Problem description:
What is the paradox? Are there any interesting stories or unsolved mysteries?
Analysis:
Paradox theory (bèi) is a paradoxical, unreasonable and ambiguous theory. But paradox is not nonsense, it contains philosophy in absurdity and inspires people. Along the reasoning route it guides, you will feel that you have embarked on a narrow path of flowers and plants. At first, you will feel logical, and then you will unconsciously fall into the quagmire of contradictions. Once the contradiction is exposed, it is memorable and ridiculous. After careful consideration, people's ability to understand problems has been improved.
Some people divide paradoxes into two categories. One is the paradox between logic and mathematics, which consists of the concepts in logic and mathematics. The other is the paradox of philology, which consists of naming, truth and falsehood. Attach importance to the first kind of paradox in mathematical research. The usual form of this paradox is: if a proposition is admitted to be correct, it will be inferred to be wrong; If it is considered incorrect, the inference is correct.

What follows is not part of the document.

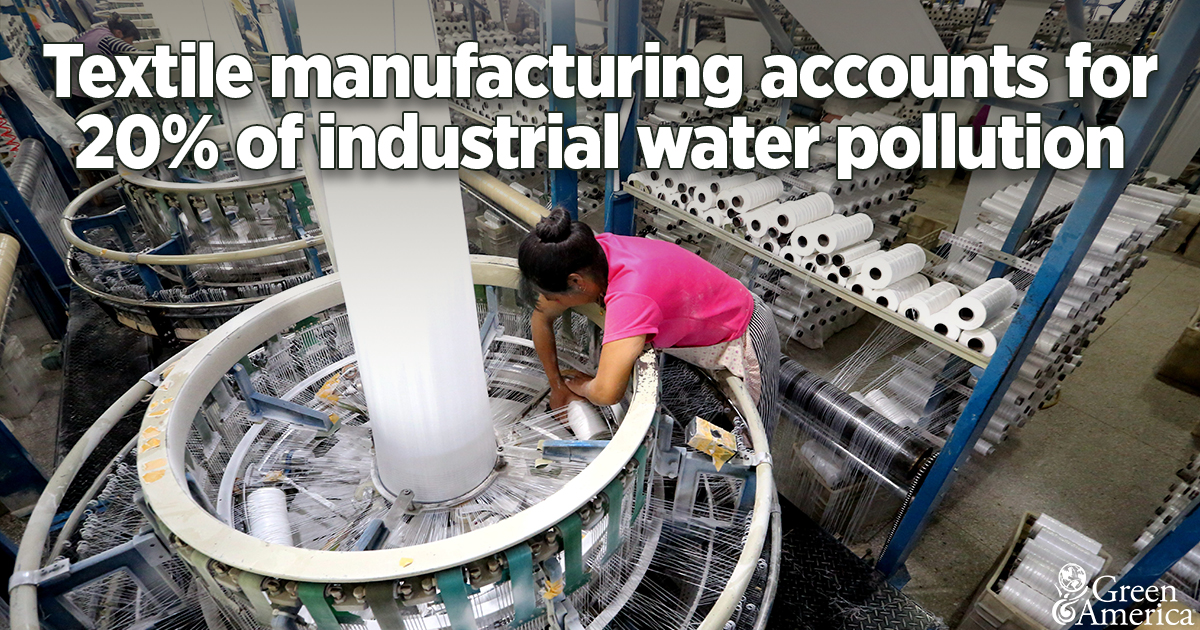 Toxic Textiles Report Green America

Now let's take the simplest "liar paradox" as an example, which was put forward by the Greek philosopher Euclid in the 4th century BC.
The original proposition is: "What I said is a lie."
If you think what he said is true, then according to the content of the sentence itself, what he said is a lie. If you think what he said is a lie, then since what he said is a lie, the result of the analysis should be the truth. No one can tell whether he is telling the truth or not (Figure 149).
A similar paradox was put forward as early as the 6th century BC, which was put forward by Epi Mannix, a Crete philosopher. He said, "Every word of Crete is a lie." Is this sentence itself true or false? If we think it is true, then Epi Mannix himself is from Crete, and his words should be deceptive. If we think it is a lie, it means that the Cretes are telling the truth. Of course, this proposition should be denied. So no matter how you look at it, it's hard to justify it. But the difference between this paradox and the previous one is that it can only deduce negative results from positive premises, but not positive results from negative premises, so it is not a typical paradox.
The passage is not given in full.